Diana Eck, who has taught at the Harvard Divinity School for decades and has been in inspiration for interfaith dialogue and understanding in many places, including Kansas City, is retiring, this RNS story reports. When she was asked about the hardest things she's faced in life, she said, "I think the hardest thing has been the realization that though we have — I have and my students have — been very involved in trying to lift up the ways in which people in our society are coming together — in interfaith initiatives, interfaith councils, interfaith projects, literally all across America, but to realize that despite our vision of how important this is, there are many people today who are still very surprised that all of these strangers are here with us, and, basically, would like them all to go home.” RNS also did this interview with Eck. I'm not sure where we find new Diana Ecks, but we need them.


Things may be getting a bit better for Catholic women

In the Catholic Church, the "women religious" (you may know them as the nuns) have always occupied what many consider an awkward (or maybe liminal) place.
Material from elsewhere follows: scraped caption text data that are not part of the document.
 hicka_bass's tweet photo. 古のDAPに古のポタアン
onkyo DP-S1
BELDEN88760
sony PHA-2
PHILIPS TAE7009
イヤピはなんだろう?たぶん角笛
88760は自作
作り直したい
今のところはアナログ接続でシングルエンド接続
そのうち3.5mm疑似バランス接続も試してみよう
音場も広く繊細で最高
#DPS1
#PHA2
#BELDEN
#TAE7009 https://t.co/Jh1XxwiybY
They aren't -- and so far can't be -- priests, but neither are they lay people.

Pope-womenAnd even though people inside the church have been working for centuries to elevate the role of women in the church, it's an excruciatingly slow process.
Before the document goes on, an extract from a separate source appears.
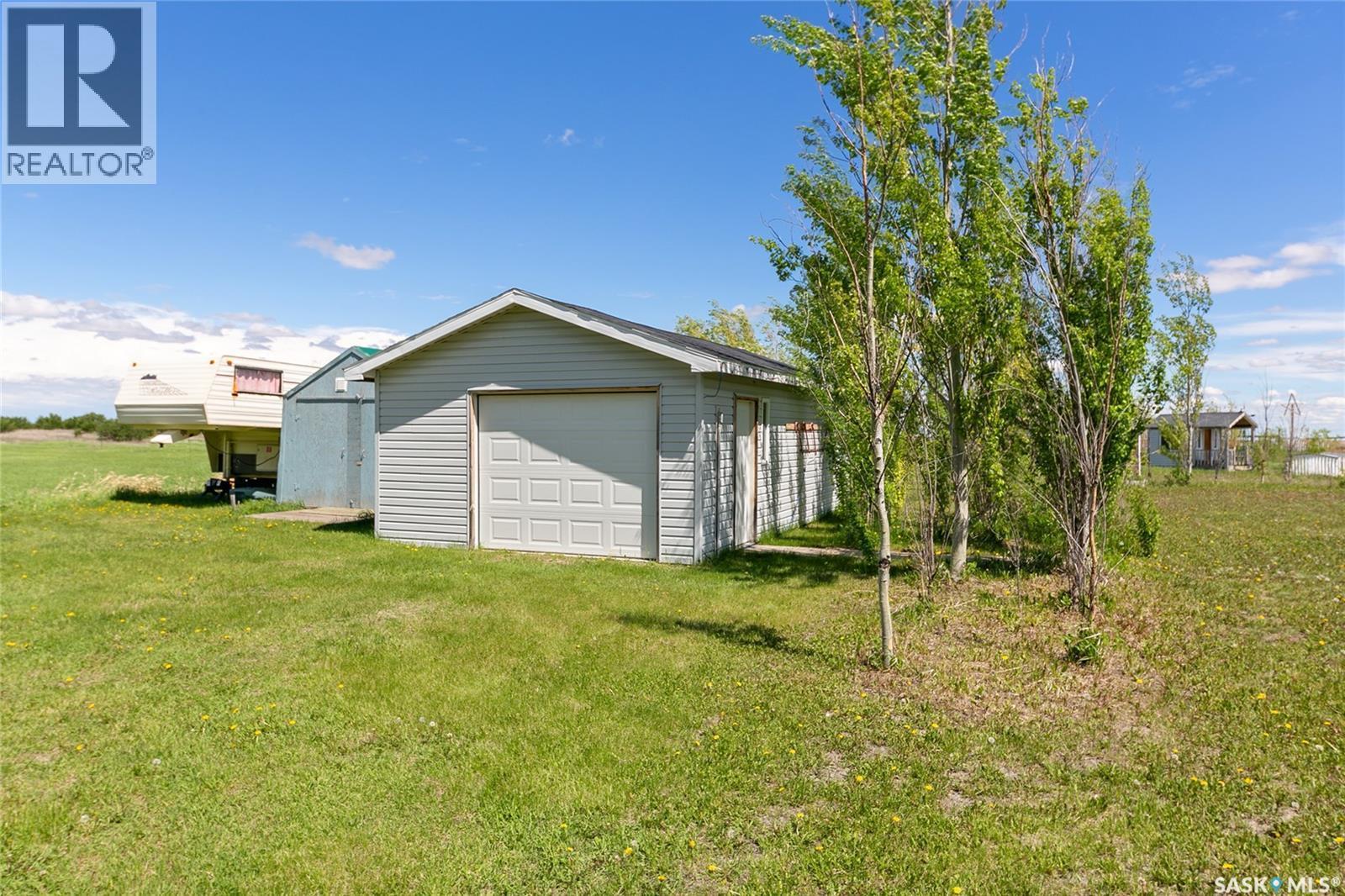 Koch Acreage - 9.9 Acres, Dufferin Rm No. 190, SK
But as this National Catholic Reporter story reports, since Pope Francis took office, things have become decidedly different and better for the women religious.

"It's a different time," said Sr. Marlene Weisenbeck, a Franciscan Sister of Perpetual Adoration. She is president of the Leadership Conference of Women Religious.
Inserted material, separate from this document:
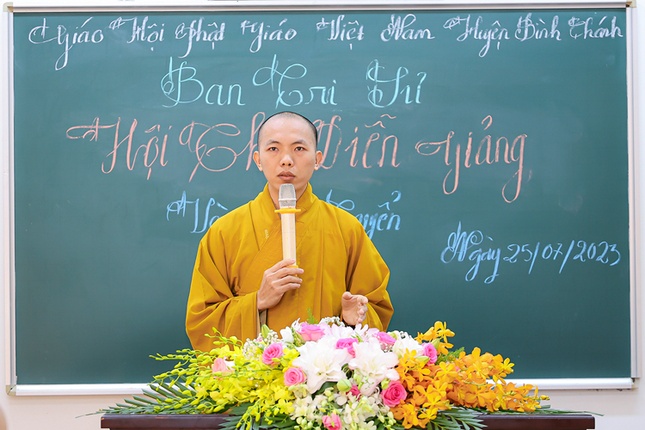 Một thí sinh trình bày bài diễn giảng trước đại chúng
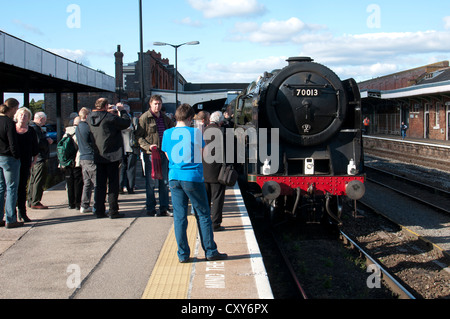 Dampf-Lokomotive "Oliver Cromwell" am Strauch Hill Station, Worcester, Großbritannien Stockfoto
The NCR story further quotes her this way: "There are new people in the dicasteries, we have a new pope who has led the church on the basis of being close to one another and being transparent. . .It's a different time and the agenda has changed."

It must be gratifying to many Catholic women to know that some progress has been made. But even in other religious traditions in which women are allowed to be ordained as clergy, there still are practices and prejudices that those women continue to struggle to overcome.

To add to this picture, this NCR story describes in more detail how "calls for fuller participation of women in church leadership have been heard throughout the multiyear synod process, beginning with the global consultation process in 2022-23, followed by continental assemblies, then a monthlong summit last October at the Vatican."

Did efforts to keep women subdued and away from the tools of power begin with the metaphorical story of Adam and Eve? Maybe. If so, how foolish to structure our world not on reality but on a story that never happened, at least in the way it's told.

I grew up with three sisters and no brothers. I fathered two daughters and no sons. And in my blended family, only two of our eight grandchildren are male. So I've long had a stake in how females are treated. And in many places today I still see an unlevel playing field.

It would help if all of us could see the world through female eyes. Every time we subject women to pay differentials, to being seen as merely sex objects, to blocking how high they can rise in this or that field (including religion), we denigrate God's creation. So let's give the Catholic Church a small cheer for what its women religious see as progress. But let's not stop there.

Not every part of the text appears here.